> _WHAT NEEDS TO BE DONE_
Leave every picture out, then reproduce the rest of the listing exactly.

> _COLLECTED DATA_
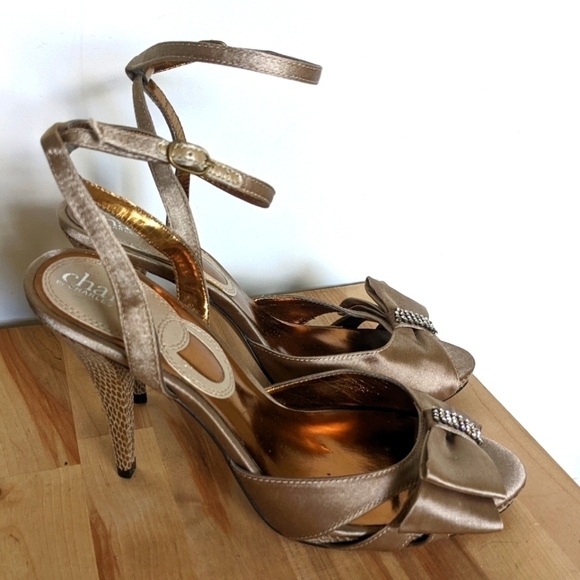 Charles david formal crystal embellished bow peep toe heels 8 - Picture 3 of 13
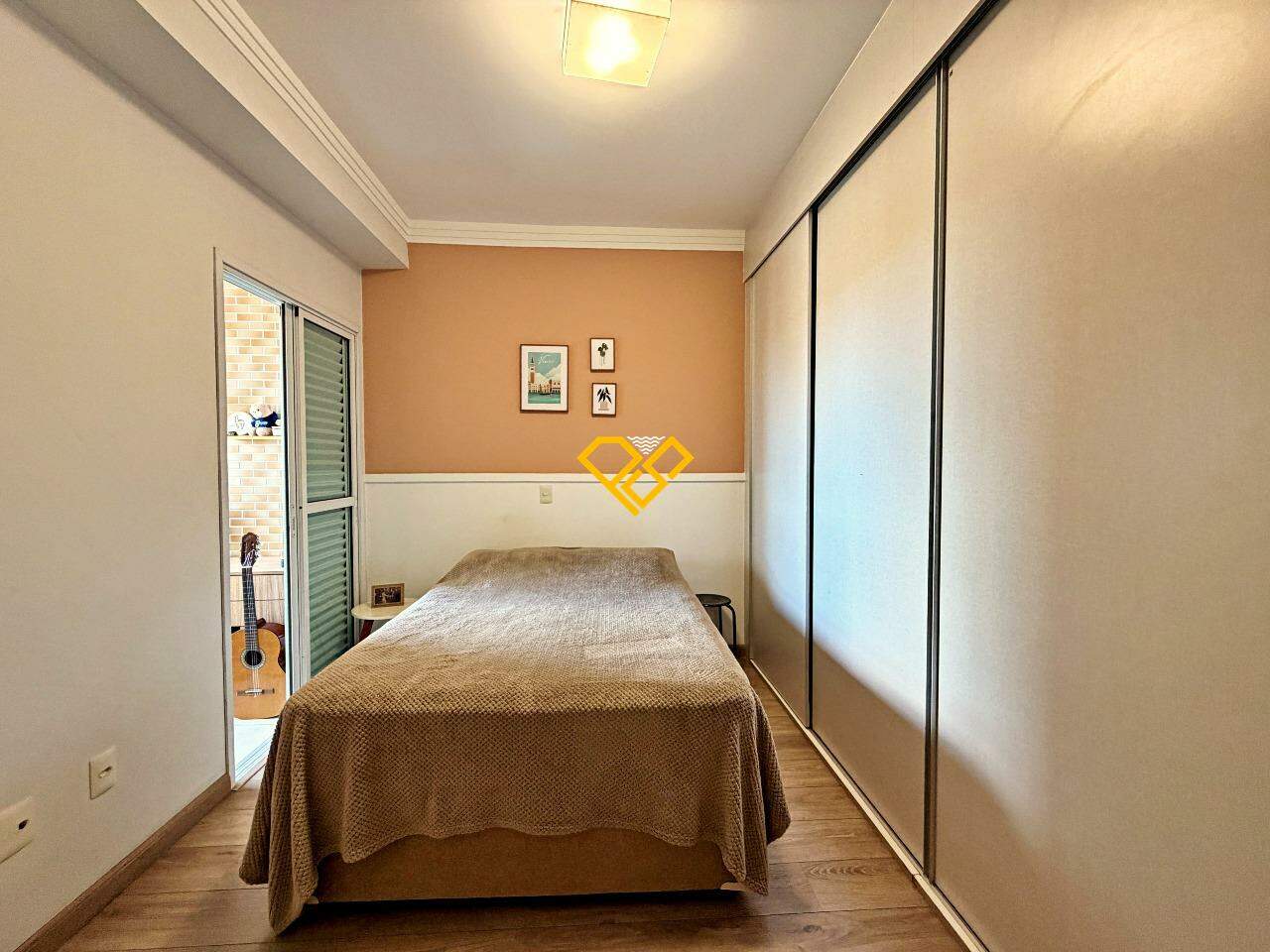 Apartamento à venda no Macuco: Dormitório 1 - suíte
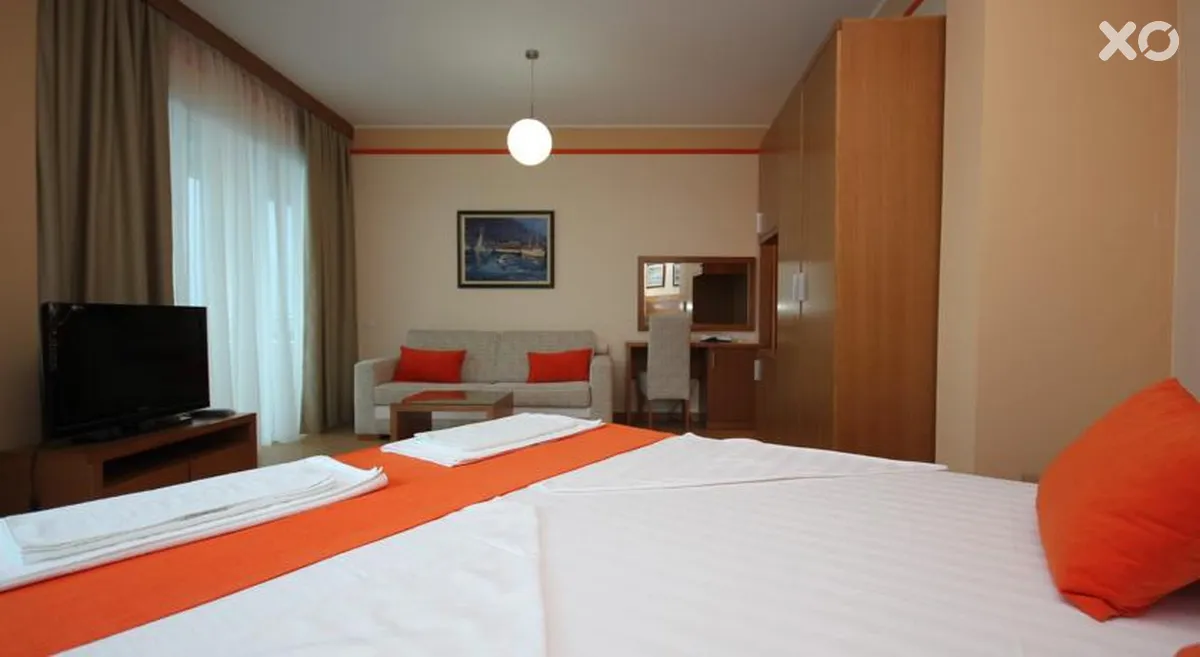 Deus Apartments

> _THE ANSWER_
 Charles david formal crystal embellished bow peep toe heels 8 - Picture 3 of 13
 Apartamento à venda no Macuco: Dormitório 1 - suíte
 Deus Apartments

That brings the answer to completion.